Specifying columns used in joins, and multiple joins to the same table
Nested resultsets
Prefetching rows from joined tables

A join element in the schema file defines a join to another table in the schema file. It usually corresponds to a FOREIGN KEY constraint in the actual schema, but doesn't have to be.

  <table name="accounts">
    <column name="account_id" datatype="int64_t" primarykey='1' />
    <column name="code" />

    <join class="ledger_entries">

  <table name="ledger_entries">
    <column name="ledger_entry_id" datatype="int64_t" primarykey='1' />
    <column name="account_id" datatype="int64_t"/>
    <column name="ledger_date" datatype="x::ymd"/>
    <column name="amount" datatype="double"/>

    <join class="accounts" type="inner join">

This is a schema for two tables. Only the ledger_entries table has a foreign key. The above schema translates, approximately, to the following SQL:

create table accounts(
    account_id integer not null,
    code varchar(255) not null,
    primary key(account_id)

create table ledger_entries(
    ledger_entry_id integer not null,
    account_id integer not null,
    ledger_date date not null,
    amount numeric(11,2) not null,
    primary key(ledger_entry_id),
    foreign key(account_id) references accounts(account_id)

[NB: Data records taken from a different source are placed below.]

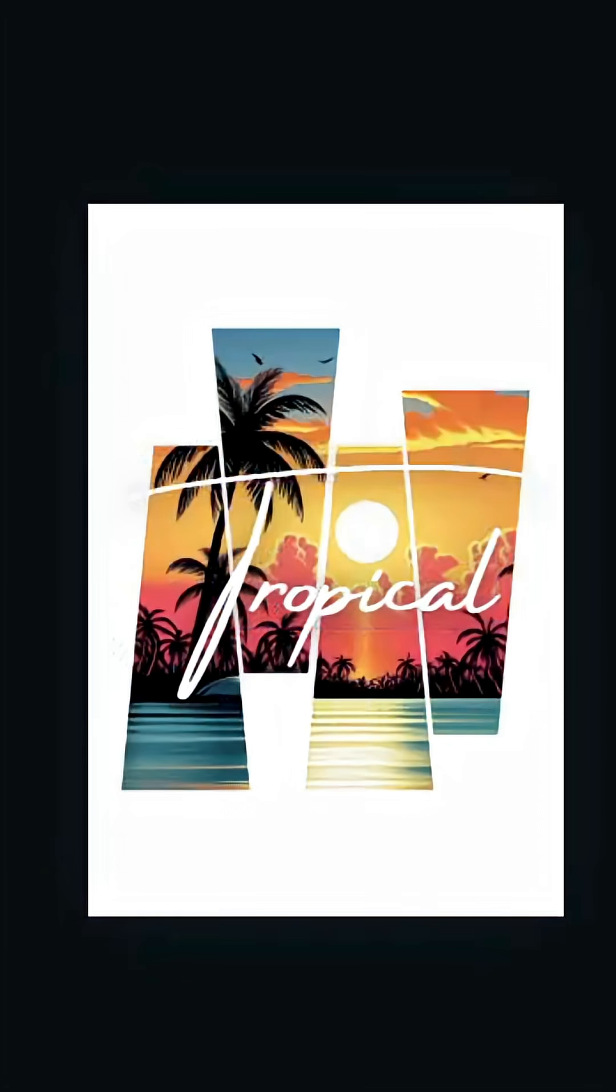And here's the final result. I hope you like this tutorial. Subscribe to the channel to learn more about Canva.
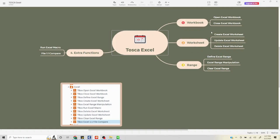In the next video we are going to talk about how to define an Excel range, how to put in data, how to update data — everything around data input and output within Excel. Thank you very much. If you like the video, do like, share, and subscribe, and have a great day. Bye.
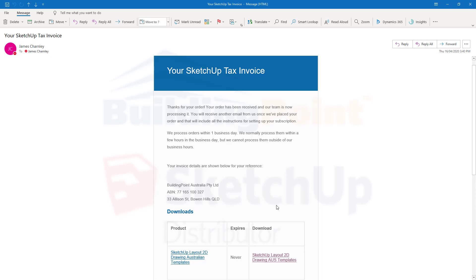Hi. In this video, we're going to show you how to download and install the SketchUp Australia layout templates.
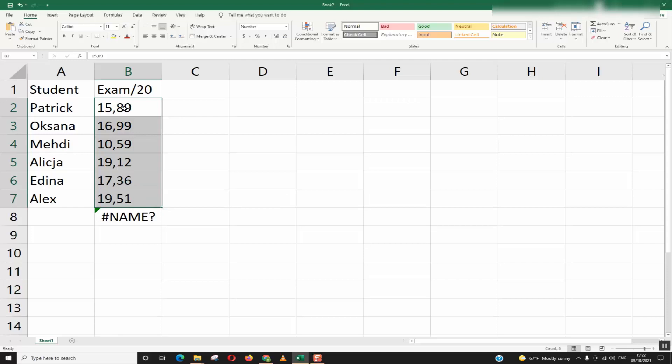So here it will not work because I have the decimal separator a comma while Excel is asking for a dot as a decimal separator.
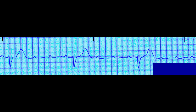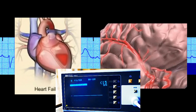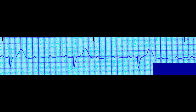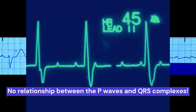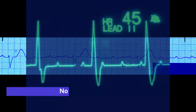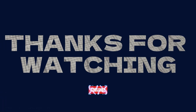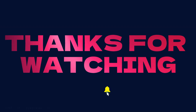In summary, a third-degree block is an abnormal rhythm with severe complications, characterized by dissociation between the atria and ventricles. This is seen on the EKG as the lack of relationship between the P-waves and the QRS complexes. Thanks for watching — subscribe and hit the like button to get the latest EKG analysis videos.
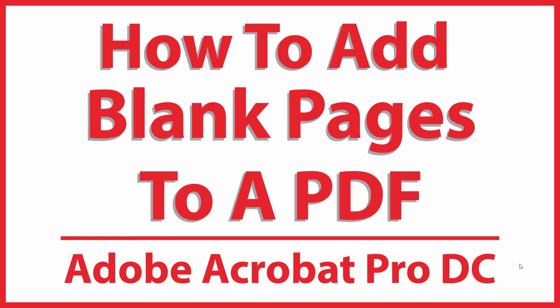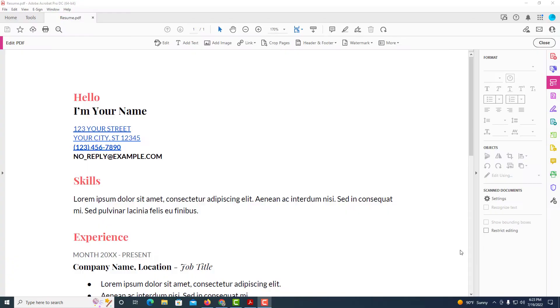This is a video tutorial on how to add blank pages to a PDF using Adobe Acrobat Pro DC. I'll be using a desktop PC. Let me jump over to Adobe Acrobat. I have Adobe Acrobat open now.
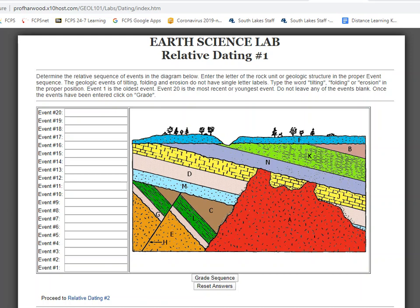Full disclosure, this is my third attempt because I keep making mistakes either with the video or with the actual problem. So this is the relative dating lab number one. And before we start diving into it, let's just look at an overview.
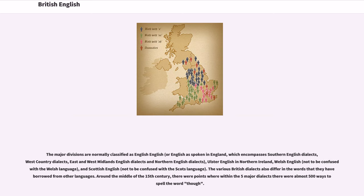The major divisions of British English are normally classified as English-English, or English as spoken in England, which encompasses Southern English dialects, West Country dialects, East and West Midlands English dialects, and Northern English dialects; Ulster English in Northern Ireland; Welsh English, not to be confused with the Welsh language; and Scottish English, not to be confused with the Scots language. The various British dialects also differ in the words borrowed from other languages. Around the middle of the 15th century, there were reportedly almost 500 ways to spell the word 'though' within the five major dialects.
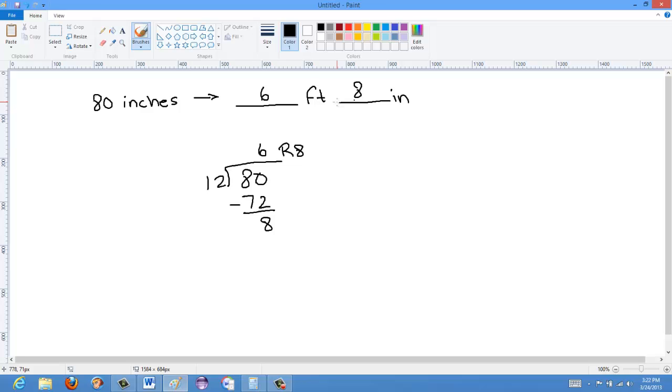That's how we do imperial to imperial units conversions. It's all mostly unit analysis, but sometimes when you're using multiple units, we would use this modulus method. If you have any questions, put a comment in the comment bar, or drop me a line, send me an email, or contact me in some way, and I'll try and help you out. If you do like these videos, please subscribe to my channel. Thanks.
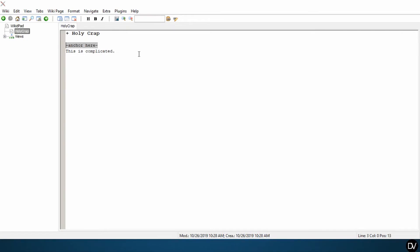I want to put my anchor here. So when you put your anchor, what you want to do is you want to type anchor, colon, and then name your anchor. And the name of your anchor should be unique so that you don't accidentally reuse anchors or double up on anchors because they'll just cancel each other out. So for the purposes of this tutorial, I'm just going to put holy crap as my anchor.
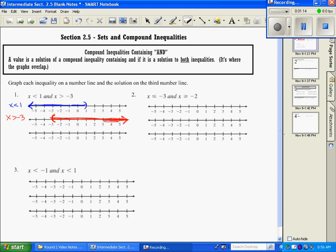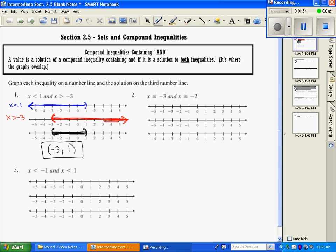Now we want to know the AND solution, which is just going to be our bottom portion — where do these two graphs overlap? If I put them right on top of each other, the overlapping portion occurs from here to here. So as I read left to right and give interval notation, the very first thing I come to is a parenthesis at negative 3, and then it ends at a parenthesis at positive 1.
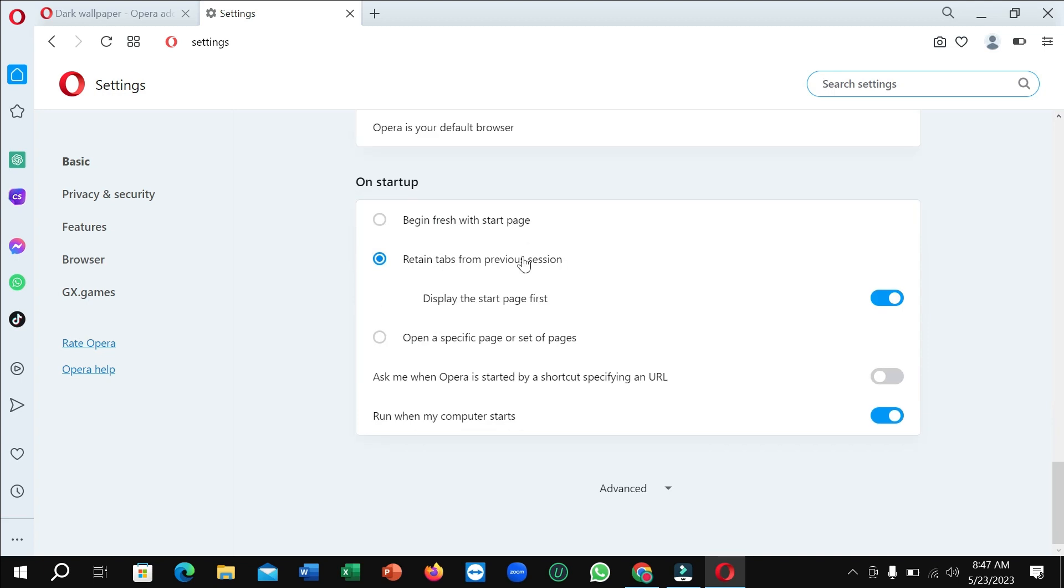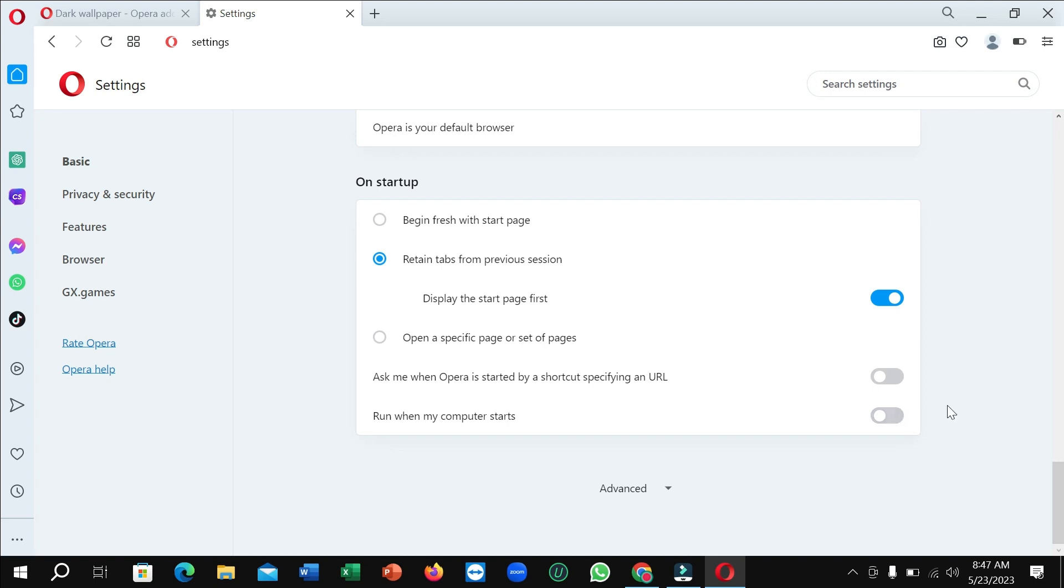At the last position, at the last option, you can see 'Run when my computer starts.' You just need to disable this option. So after that, when you open your PC, your Opera browser will not start.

The actual column types vary, depending on the SQL database. In this schema, a record in the accounts table may have zero or more records in the ledger_entries table with the same account_id. accounts's join to ledger_entries, consequently, specifies a default join type of a left join. However, a record in ledger_entries must have a record with the same account_id in accounts. This is really an inner join, and the join, therefore, gives an explicit inner join in its type attribute.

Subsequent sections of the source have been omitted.